L’endomètre est la muqueuse qui tapisse l’intérieur de la cavité utérine.

Le cancer de l’endomètre est aussi appelé cancer du corps de l’utérus et il ne doit pas être confondu avec le cancer du col utérin car les causes et les caractéristiques épidémiologiques de ces deux cancers sont différentes. Le cancer du col est un cancer de la femme jeune associé à une infection génitale par un virus transmis sexuellement, l'HPV (Human Papilloma Virus) alors que le cancer de l'endomètre se voit plutôt chez des femmes ménopausées ou en période per-ménopausique et est un cancer hormonodépendant. Il est favorisé par l’obésité et l’hyperplasie de l’endomètre.                    


Les signes de découverte 

Le signe d’alerte essentiel du cancer du corps utérin est un saignement (métrorragie) se manifestant le plus souvent en période post-ménopausique ou en dehors de la période des règles lorsque la patiente n’est pas encore ménopausée. Cependant, il est parfois sous-estimé par la patiente, soit parce que la perte sanglante est minime, soit par négligence. Tout saignement survenant après la ménopause doit conduire à consulter son médecin et à pratiquer un certain nombre d’examens à la recherche d’une lésion endométriale.

D’autres signes révélateurs sont possibles: leucorrhées (hydrorrhée, leucopyorrhée ou pyorrhée) accompagnées généralement de pertes sanguines leur donnant
alors une coloration rosée, ou des signes de diffusion d’une infection endomètriale tels qu’une
paramétrite douloureuse, des cystites, etc.

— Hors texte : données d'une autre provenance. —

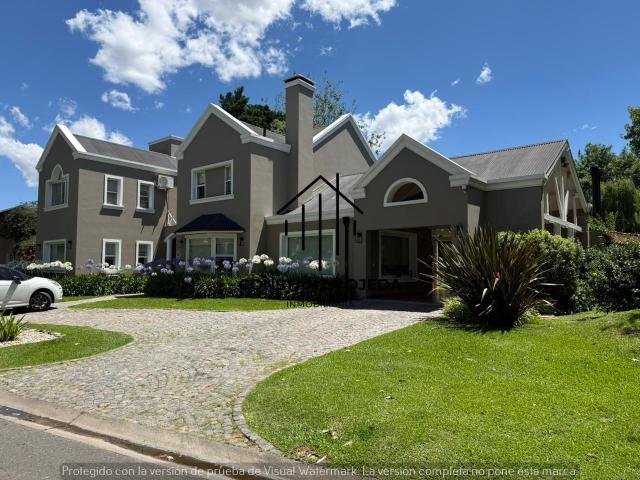 Venta de espectacular Casa 5 o mas ambientes en Moreno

Il n’existe pas de dépistage du cancer de l’endomètre.


Le diagnostic
L’échographie peut montrer un endomètre anormalement épaissi (>4mm), mais le diagnostic repose sur un prélèvement histologique qui peut être fait lors d’une consultation (type pipelle de Cornier = pipette aspirant des éléments contenus dans la cavité utérine).  Si le résultat de ce prélèvement est négatif, il faut réaliser des biospsies sous hystéroscopie diagnostique. Cet examen se fait sans anesthésie générale et consiste, à l’aide d’un “câble” optique à voir l’intérieur de l’utérus et à faire des biopsies au niveau de zones anormales. Parfois, ces prélèvements sont impossibles car l’orifice du col de l’utérus est fermé. Il faut alors endormir la patiente pour réaliser une hystéroscopie après dilatation du col.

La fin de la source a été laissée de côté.